### TASK ITEM
The reply should hold every line of the data, unchanged and complete.

### RECORDS SUPPLIED
--------------------

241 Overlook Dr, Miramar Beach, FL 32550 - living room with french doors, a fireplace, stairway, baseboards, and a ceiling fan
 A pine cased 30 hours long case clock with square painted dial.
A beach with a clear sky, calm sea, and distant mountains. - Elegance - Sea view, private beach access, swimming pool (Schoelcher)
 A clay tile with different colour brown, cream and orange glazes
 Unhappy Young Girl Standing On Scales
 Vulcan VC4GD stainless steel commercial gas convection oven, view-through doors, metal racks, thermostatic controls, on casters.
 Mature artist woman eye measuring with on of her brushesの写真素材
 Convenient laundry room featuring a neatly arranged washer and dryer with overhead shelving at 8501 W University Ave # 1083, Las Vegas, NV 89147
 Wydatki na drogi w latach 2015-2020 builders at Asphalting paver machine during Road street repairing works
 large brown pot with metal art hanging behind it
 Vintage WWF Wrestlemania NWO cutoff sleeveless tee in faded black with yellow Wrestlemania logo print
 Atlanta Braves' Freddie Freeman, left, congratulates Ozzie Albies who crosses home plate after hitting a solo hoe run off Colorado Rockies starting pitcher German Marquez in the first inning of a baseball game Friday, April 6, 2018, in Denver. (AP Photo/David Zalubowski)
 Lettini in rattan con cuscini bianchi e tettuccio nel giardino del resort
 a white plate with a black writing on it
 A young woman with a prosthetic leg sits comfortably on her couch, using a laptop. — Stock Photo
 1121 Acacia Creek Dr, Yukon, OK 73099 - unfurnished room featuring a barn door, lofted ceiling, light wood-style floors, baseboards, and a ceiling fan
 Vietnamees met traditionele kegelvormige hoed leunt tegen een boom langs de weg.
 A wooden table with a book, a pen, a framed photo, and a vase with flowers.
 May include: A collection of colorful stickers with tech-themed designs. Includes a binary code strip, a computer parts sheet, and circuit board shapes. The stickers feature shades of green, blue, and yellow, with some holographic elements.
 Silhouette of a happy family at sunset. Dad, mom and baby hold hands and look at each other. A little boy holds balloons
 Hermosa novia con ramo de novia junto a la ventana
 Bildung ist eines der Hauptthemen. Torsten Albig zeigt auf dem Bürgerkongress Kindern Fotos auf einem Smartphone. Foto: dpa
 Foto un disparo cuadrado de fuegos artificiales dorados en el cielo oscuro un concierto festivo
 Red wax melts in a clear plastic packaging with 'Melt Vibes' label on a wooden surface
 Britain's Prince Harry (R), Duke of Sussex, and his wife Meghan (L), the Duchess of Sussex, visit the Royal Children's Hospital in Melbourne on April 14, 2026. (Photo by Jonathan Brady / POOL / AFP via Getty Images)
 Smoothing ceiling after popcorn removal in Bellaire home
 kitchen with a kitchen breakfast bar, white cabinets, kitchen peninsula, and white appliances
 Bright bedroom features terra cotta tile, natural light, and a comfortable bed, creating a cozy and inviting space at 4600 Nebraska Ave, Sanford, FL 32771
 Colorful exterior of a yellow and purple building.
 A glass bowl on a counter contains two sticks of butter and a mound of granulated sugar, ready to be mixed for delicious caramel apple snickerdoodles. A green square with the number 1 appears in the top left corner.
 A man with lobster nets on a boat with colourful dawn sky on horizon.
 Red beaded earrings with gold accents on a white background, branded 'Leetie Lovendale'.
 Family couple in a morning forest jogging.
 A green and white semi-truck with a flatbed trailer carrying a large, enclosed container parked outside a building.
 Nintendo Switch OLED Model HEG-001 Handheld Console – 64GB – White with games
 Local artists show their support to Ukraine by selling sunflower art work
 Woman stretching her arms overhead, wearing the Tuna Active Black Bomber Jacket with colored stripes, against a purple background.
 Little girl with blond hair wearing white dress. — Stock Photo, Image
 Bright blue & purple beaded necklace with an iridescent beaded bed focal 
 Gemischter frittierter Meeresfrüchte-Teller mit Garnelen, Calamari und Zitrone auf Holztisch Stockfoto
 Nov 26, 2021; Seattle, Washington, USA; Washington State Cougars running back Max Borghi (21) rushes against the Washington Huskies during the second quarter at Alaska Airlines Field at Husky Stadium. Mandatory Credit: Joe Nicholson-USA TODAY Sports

--------------------

### SOLUTION TO THIS TASK
241 Overlook Dr, Miramar Beach, FL 32550 - living room with french doors, a fireplace, stairway, baseboards, and a ceiling fan
 A pine cased 30 hours long case clock with square painted dial.
A beach with a clear sky, calm sea, and distant mountains. - Elegance - Sea view, private beach access, swimming pool (Schoelcher)
 A clay tile with different colour brown, cream and orange glazes
 Unhappy Young Girl Standing On Scales
 Vulcan VC4GD stainless steel commercial gas convection oven, view-through doors, metal racks, thermostatic controls, on casters.
 Mature artist woman eye measuring with on of her brushesの写真素材
 Convenient laundry room featuring a neatly arranged washer and dryer with overhead shelving at 8501 W University Ave # 1083, Las Vegas, NV 89147
 Wydatki na drogi w latach 2015-2020 builders at Asphalting paver machine during Road street repairing works
 large brown pot with metal art hanging behind it
 Vintage WWF Wrestlemania NWO cutoff sleeveless tee in faded black with yellow Wrestlemania logo print
 Atlanta Braves' Freddie Freeman, left, congratulates Ozzie Albies who crosses home plate after hitting a solo hoe run off Colorado Rockies starting pitcher German Marquez in the first inning of a baseball game Friday, April 6, 2018, in Denver. (AP Photo/David Zalubowski)
 Lettini in rattan con cuscini bianchi e tettuccio nel giardino del resort
 a white plate with a black writing on it
 A young woman with a prosthetic leg sits comfortably on her couch, using a laptop. — Stock Photo
 1121 Acacia Creek Dr, Yukon, OK 73099 - unfurnished room featuring a barn door, lofted ceiling, light wood-style floors, baseboards, and a ceiling fan
 Vietnamees met traditionele kegelvormige hoed leunt tegen een boom langs de weg.
 A wooden table with a book, a pen, a framed photo, and a vase with flowers.
 May include: A collection of colorful stickers with tech-themed designs. Includes a binary code strip, a computer parts sheet, and circuit board shapes. The stickers feature shades of green, blue, and yellow, with some holographic elements.
 Silhouette of a happy family at sunset. Dad, mom and baby hold hands and look at each other. A little boy holds balloons
 Hermosa novia con ramo de novia junto a la ventana
 Bildung ist eines der Hauptthemen. Torsten Albig zeigt auf dem Bürgerkongress Kindern Fotos auf einem Smartphone. Foto: dpa
 Foto un disparo cuadrado de fuegos artificiales dorados en el cielo oscuro un concierto festivo
 Red wax melts in a clear plastic packaging with 'Melt Vibes' label on a wooden surface
 Britain's Prince Harry (R), Duke of Sussex, and his wife Meghan (L), the Duchess of Sussex, visit the Royal Children's Hospital in Melbourne on April 14, 2026. (Photo by Jonathan Brady / POOL / AFP via Getty Images)
 Smoothing ceiling after popcorn removal in Bellaire home
 kitchen with a kitchen breakfast bar, white cabinets, kitchen peninsula, and white appliances
 Bright bedroom features terra cotta tile, natural light, and a comfortable bed, creating a cozy and inviting space at 4600 Nebraska Ave, Sanford, FL 32771
 Colorful exterior of a yellow and purple building.
 A glass bowl on a counter contains two sticks of butter and a mound of granulated sugar, ready to be mixed for delicious caramel apple snickerdoodles. A green square with the number 1 appears in the top left corner.
 A man with lobster nets on a boat with colourful dawn sky on horizon.
 Red beaded earrings with gold accents on a white background, branded 'Leetie Lovendale'.
 Family couple in a morning forest jogging.
 A green and white semi-truck with a flatbed trailer carrying a large, enclosed container parked outside a building.
 Nintendo Switch OLED Model HEG-001 Handheld Console – 64GB – White with games
 Local artists show their support to Ukraine by selling sunflower art work
 Woman stretching her arms overhead, wearing the Tuna Active Black Bomber Jacket with colored stripes, against a purple background.
 Little girl with blond hair wearing white dress. — Stock Photo, Image
 Bright blue & purple beaded necklace with an iridescent beaded bed focal 
 Gemischter frittierter Meeresfrüchte-Teller mit Garnelen, Calamari und Zitrone auf Holztisch Stockfoto
 Nov 26, 2021; Seattle, Washington, USA; Washington State Cougars running back Max Borghi (21) rushes against the Washington Huskies during the second quarter at Alaska Airlines Field at Husky Stadium. Mandatory Credit: Joe Nicholson-USA TODAY Sports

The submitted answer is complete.